Sonic hedgehog signaling in hepatocellular carcinoma: A pilot study

MOHANNAD DUGUM 1,, IBRAHIM HANOUNEH 2, THOMAS MCINTYRE 3, RISH PAI 4, FEDERICO AUCEJO 5, BIJAN EGHTESAD 5, NIZAR ZEIN 2
PMCID: PMC4774427  PMID: 26998285

Abstract

Hedgehog signaling is involved in the pathogenesis of several tumor types; however, its role in hepatocellular carcinoma (HCC) has not been fully elucidated. Biomarkers that reflect tumor aggressiveness are of potential value in selecting HCC patients for liver transplantation (LT). The aim of the present study was to assess the tissue expression of sonic hedgehog (Shh) biomarkers in HCC and surrounding non-tumorous liver tissue, and to correlate this expression with HCC recurrence following LT. Patients who underwent LT for HCC at the Cleveland Clinic (Cleveland, OH, USA) between 2002 and 2006 were randomly selected for analysis. Tissue samples were retrieved from the explanted tumorous livers. Routine immunohistochemistry was used to detect three specific Shh pathway biomarkers: The ligand Shh, the receptor patched-1 (Ptch) and the transcription factor glioma-associated oncogene homolog 1 (Gli1). Computerized quantitative analysis was used to evaluate the expression levels of these markers in HCC and surrounding non-tumorous liver tissue. Analysis of variance was used to compare the differential tissue expression between patients with and those without HCC recurrence.

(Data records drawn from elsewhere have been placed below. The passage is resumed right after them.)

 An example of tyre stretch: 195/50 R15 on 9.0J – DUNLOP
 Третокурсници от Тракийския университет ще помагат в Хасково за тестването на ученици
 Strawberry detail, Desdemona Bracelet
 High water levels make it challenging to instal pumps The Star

A time-to-event analysis was performed to assess the association of hedgehog biomarker expression with the risk of HCC recurrence following LT. A total of 53 tissue specimens from 21 patients were analyzed. The mean patient age was 57±8 years and 86% of the patients were male. A total of 62% patients had hepatitis C virus infection, 14% had hepatitis B virus infection, 43% had alcoholic cirrhosis and 91% fulfilled the Milan criteria at the time of LT. The average follow-up time after LT was 36±15 months, during which 19% of the patients developed HCC recurrence and 29% died. Shh, Ptch and Gli1 were detected in the HCC tissues of all the patients. Ptch was overexpressed in HCC compared with the surrounding non-tumorous tissue. The statistical power of this study was unable to associate Shh pathway markers with HCC recurrence following LT. In a proof-of-concept study, we demonstrated tissue expression of three Shh biomarkers within HCC tumors, and also identified differences in Ptch expression between tumor and surrounding non-tumorous tissue. Further larger studies are required to assess the utility of these biomarkers in HCC.

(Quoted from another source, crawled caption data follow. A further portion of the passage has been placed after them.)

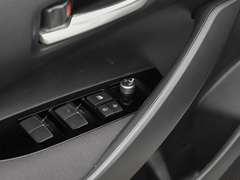 2022款 2.0L 精英版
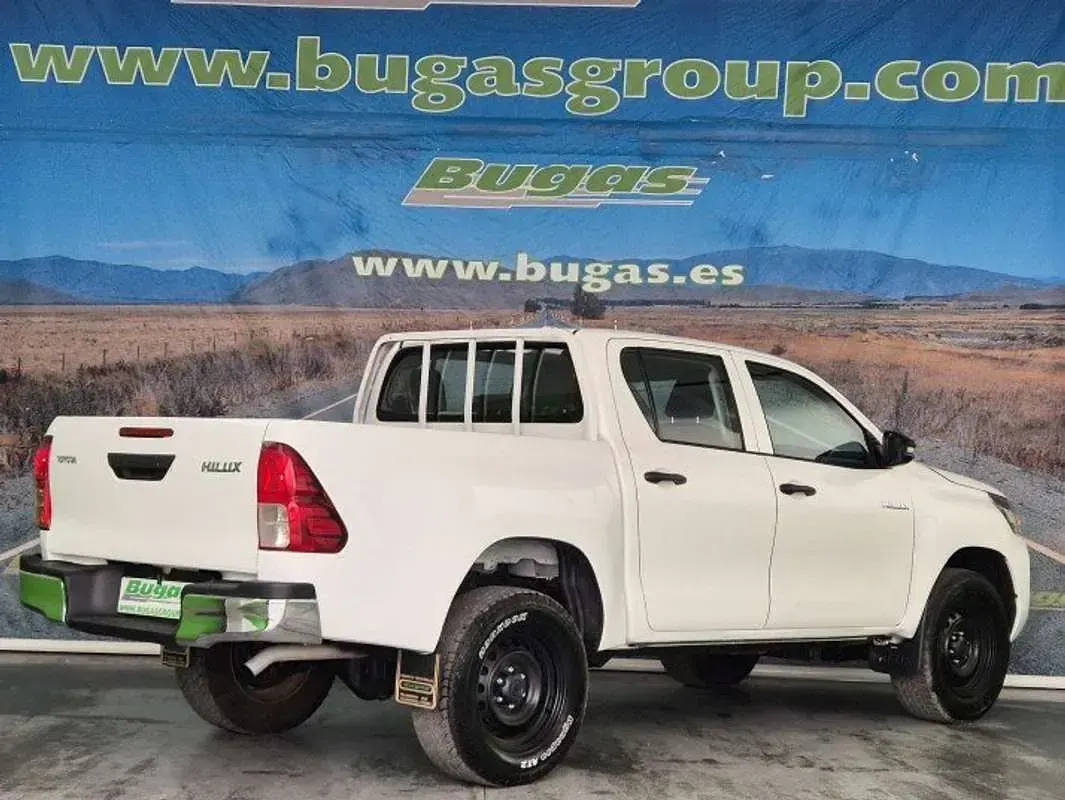 Usado Toyota HiLux 150 CV (110 kW) 2022 Blanco Pickup/Camioneta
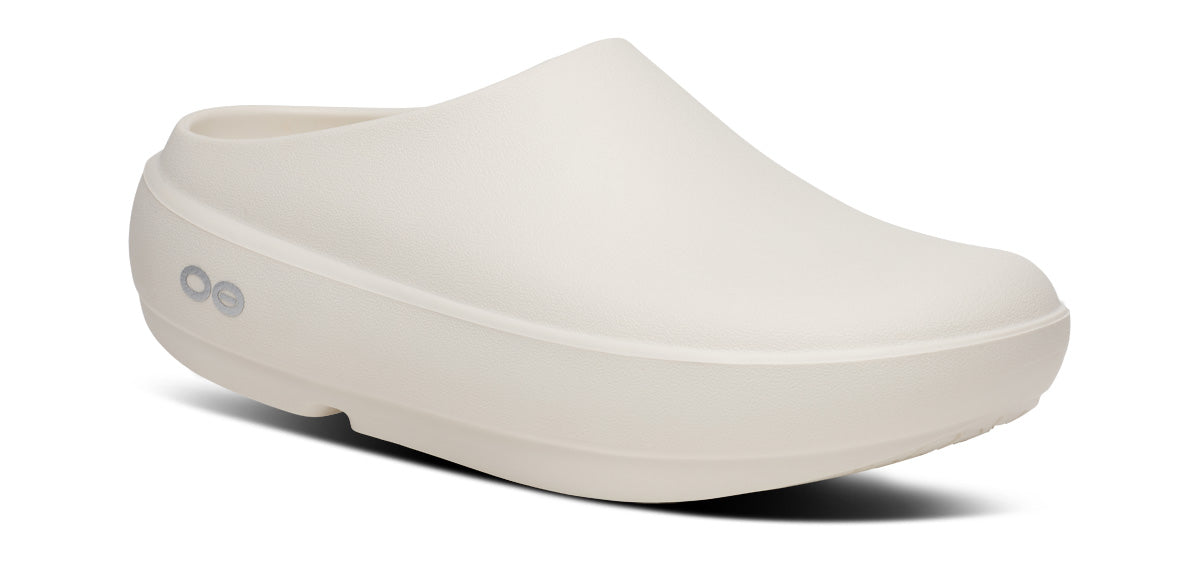 womens-oocloog-plus-clog-chalk-01-01-2400CHALK_shot2_1 Women's Cloog PLUS Clog - Chalk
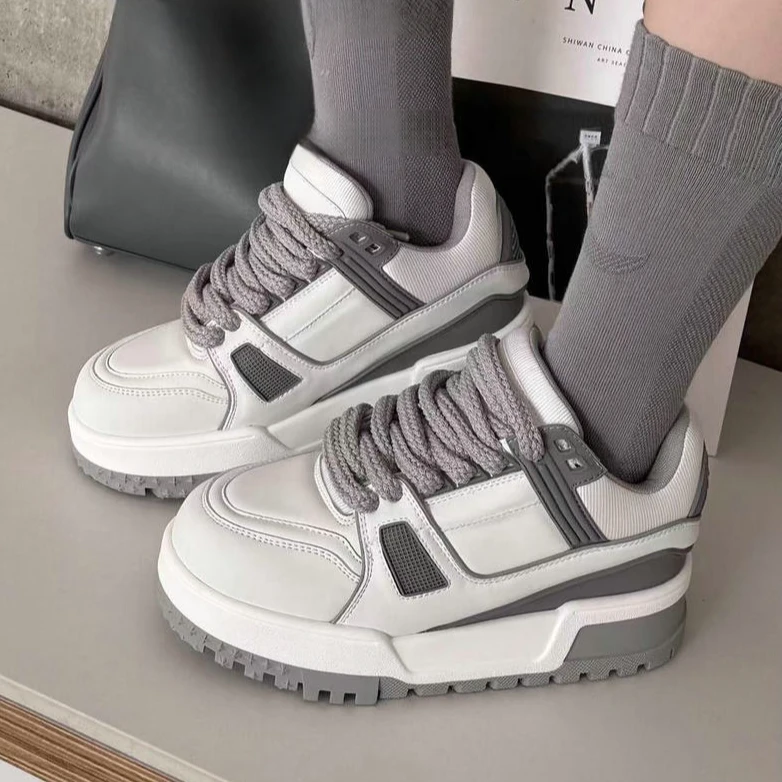 欧货 胖丁 2025新款真皮圆头厚底增高休闲板鞋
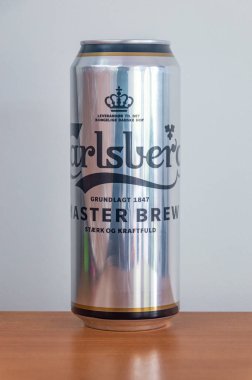 Pruszcz Gdanski, Polonya - 19 Nisan 2025: Carlsberg Master Brew.
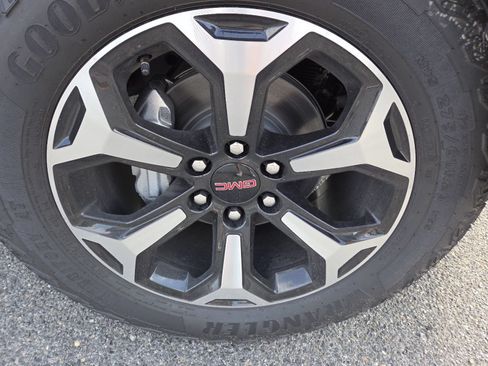 New 2026 GMC Yukon AT4 w/ AT4 Premium Plus Package AWD/4WD image 19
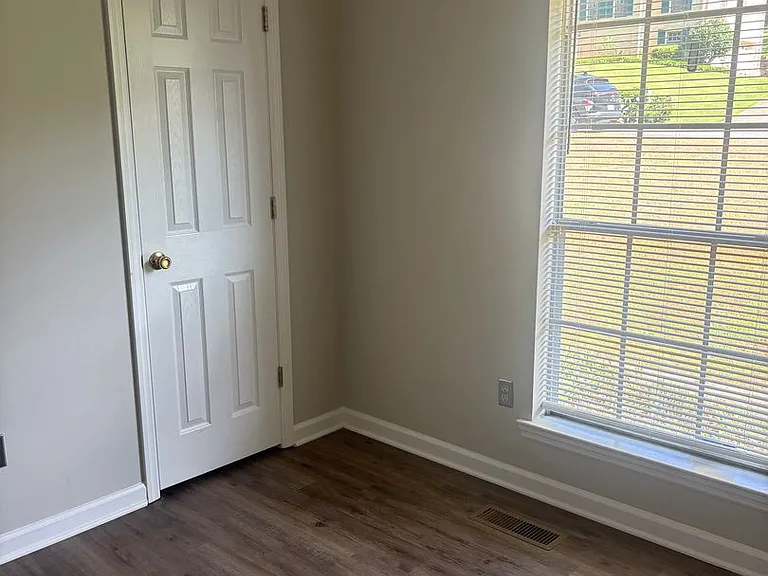 2025 Brewster Rd — Photo 9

Keywords: liver cancer, hedgehog, biomarkers, liver transplantation, tumor recurrence

Introduction

The hedgehog signaling pathway plays a pivotal role in embryogenesis and is involved in the regulation of cell growth and differentiation (1). There are 3 hedgehog ligands, among which sonic hedgehog (Shh) is the best characterized. The hedgehog pathway is activated by binding of one of those 3 ligands to the receptor patched-1 (Ptch). Unbound Ptch acts as a tumor suppressor that binds to and represses the proto-oncoprotein smoothened (Smo), thereby preventing it from activating downstream transcription factors, particularly the glioma-associated oncogene homolog 1 (Gli1). Activation of hedgehog signaling has been demonstrated to be a key factor in the development and progression of a number of human malignancies, including skin, brain and gastrointestinal cancers (2). The malignancies in which hedgehog signaling has been implicated also include hepatocellular carcinoma (HCC) (3,4).

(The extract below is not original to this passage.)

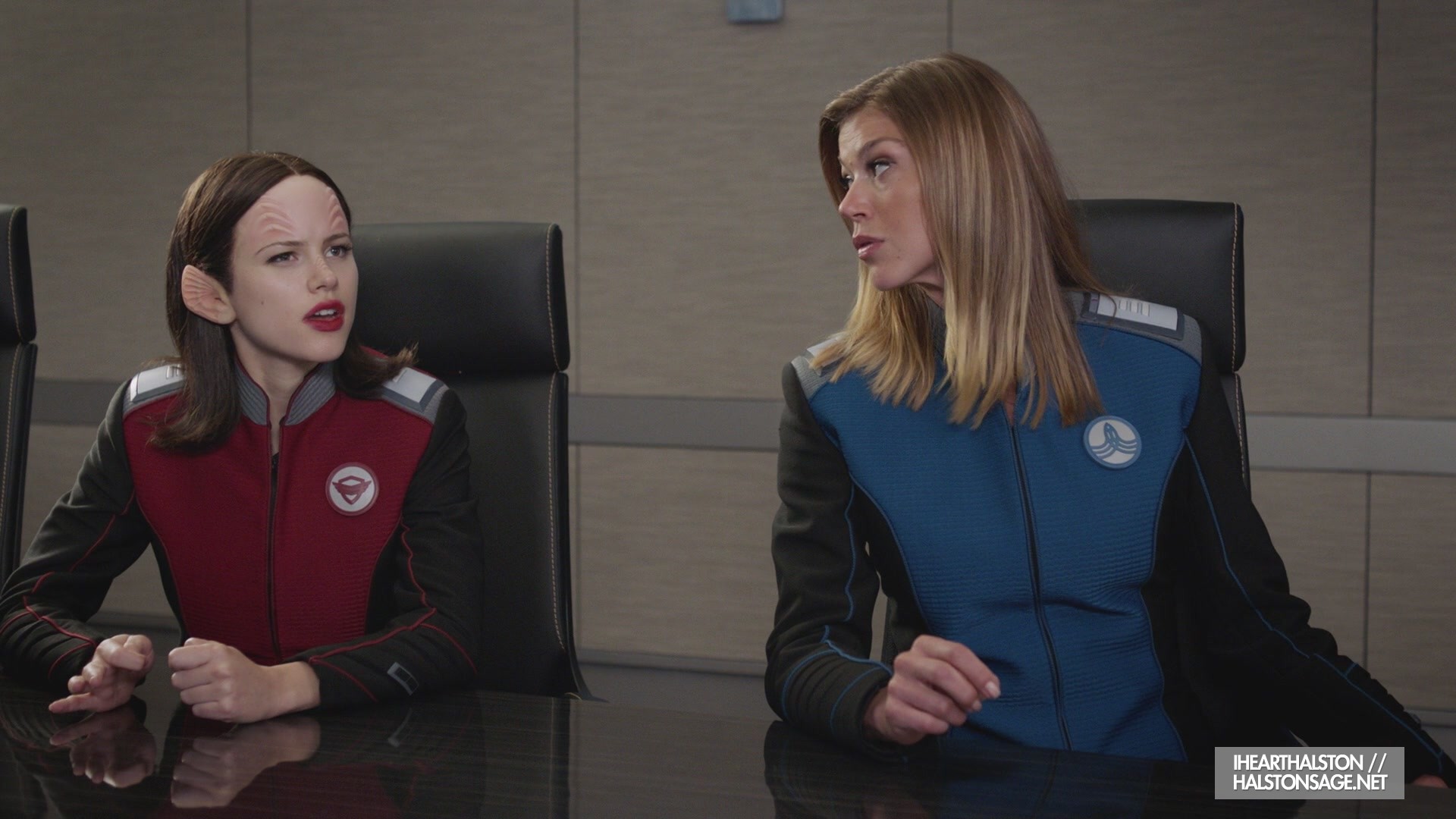 iHeartHalston_HalstonSageNet_TheOrville1x11Screencaps_037.jpg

With >700,000 newly diagnosed cases annually, HCC represents a major global health burden (57). In carefully selected patients, liver transplantation (LT) represents the most effective treatment for HCC (8,9). Currently, criteria based on the number and size of HCC lesions are used to select HCC patients for LT, referred to as Milan criteria. However, a significant shortcoming of these criteria is defining the risk of HCC recurrence following LT based on tumor morphology rather than biology. In a study from our institution, we demonstrated that using HCC volume as a static value inaccurately reflects HCC tumor behavior (10). Indeed, among patients with a tumor burden beyond the currently adopted Milan criteria, there is a subset with favorable tumor biology that may have positive outcomes if transplanted.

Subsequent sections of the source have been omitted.